@y2_naranja
テレビのことを語る

情熱大陸

花江夏樹回だった。
今は、『鬼滅の刃』の竈門炭治郎役と言った方が通りが良いのかもしれない。

帰宅してすること:ねこを撮る
茶トラの「こんぺい」をデジイチで撮りまくって、ひんぱんにTwitterにアップするので、bioには「猫bot」と書かれている。

早くに両親を亡くしたそうで、母親を亡くしたときには三日三晩泣き続けたが、「良くないとは思うのですが」と前置きした上で、頭の隅で「この経験がいつか役に立つ」とわずかに思っていたそうだ。
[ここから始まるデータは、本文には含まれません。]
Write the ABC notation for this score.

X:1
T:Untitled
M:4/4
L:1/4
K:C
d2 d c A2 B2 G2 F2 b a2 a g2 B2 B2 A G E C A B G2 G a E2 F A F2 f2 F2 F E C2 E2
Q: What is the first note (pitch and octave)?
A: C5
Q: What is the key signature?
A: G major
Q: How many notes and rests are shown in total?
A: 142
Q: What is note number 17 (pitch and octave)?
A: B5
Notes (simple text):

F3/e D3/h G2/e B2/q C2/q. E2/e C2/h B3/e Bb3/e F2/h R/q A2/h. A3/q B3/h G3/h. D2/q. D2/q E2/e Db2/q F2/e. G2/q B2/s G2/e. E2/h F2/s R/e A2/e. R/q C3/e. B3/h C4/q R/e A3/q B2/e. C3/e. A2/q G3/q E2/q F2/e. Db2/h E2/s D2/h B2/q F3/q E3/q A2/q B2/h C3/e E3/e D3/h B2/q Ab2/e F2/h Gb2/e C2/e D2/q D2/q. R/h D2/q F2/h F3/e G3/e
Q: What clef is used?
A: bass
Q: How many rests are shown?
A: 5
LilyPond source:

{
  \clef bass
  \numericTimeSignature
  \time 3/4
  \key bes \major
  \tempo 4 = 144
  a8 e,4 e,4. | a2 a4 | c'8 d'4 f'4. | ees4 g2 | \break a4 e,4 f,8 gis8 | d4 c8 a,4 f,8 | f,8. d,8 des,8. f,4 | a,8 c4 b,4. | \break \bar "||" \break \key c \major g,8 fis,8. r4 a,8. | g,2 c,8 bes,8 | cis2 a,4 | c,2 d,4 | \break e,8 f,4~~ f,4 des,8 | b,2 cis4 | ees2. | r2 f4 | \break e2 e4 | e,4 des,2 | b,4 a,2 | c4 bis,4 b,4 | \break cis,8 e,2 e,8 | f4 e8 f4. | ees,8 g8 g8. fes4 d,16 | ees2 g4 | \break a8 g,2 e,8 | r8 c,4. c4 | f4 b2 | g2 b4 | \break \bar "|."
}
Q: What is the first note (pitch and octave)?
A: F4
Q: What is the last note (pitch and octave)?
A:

私が花江夏樹という声優を個体認識したのは『四月は君の嘘』の有馬公生だったが、公生も「遺される」役だった。
その感情表現のすごさが心に残っていて、辛いので未だに見返せないくらいだ。
『劇場版 鬼滅の刃』でも、号泣するシーンがあるが、あれはその経験から来ていたのかと、心の底から納得した。

取材では、たまたま双子の娘さんが生まれたばかりで、まだ母子ともに入院していて(双子は帝王切開だし、身体が小さくて保育器ゆきもしばしば)、コロナの関係上面会できず、ちょうど自宅には花江さんとねこのふたりきり。
何故か自室にガスマスクが2つあって、かぶってスーハーしてから
「落ち着きますね。人見知りなもので。これで取材受けたい」
取材する方はちょっと怖かったと思うが。
街を歩くときは、眼鏡を外してマスクをすれば、誰も花江夏樹だとは気付かないそうだ。

「暗い」「人見知り」と言いつつも、怒鳴りまくる役や、ラップ青年役や、『キングダム』の武将役など、激しくキャラが変わる各作品の収録の模様がいくつか放映された。
あの山ちゃんが「久し振りかもしれない、こんなに後輩に嫉妬するのは」とコメントしていた。

家族が増えたことで「おはスタ」MCを卒業し、インタビューも絞って、家族に時間を割けるようにしたという。夜二回、ミルクをあげているそうだ。
取材時点ではまだ病院にいる家族を「絶対、幸せにする!」と言いきったのが、とくに印象深かった。

番組のラストでは、街中で車を降り、眼鏡を外して、ほんとうに街にひっそりと溶け込んで、振り返ってお辞儀をして消えていった。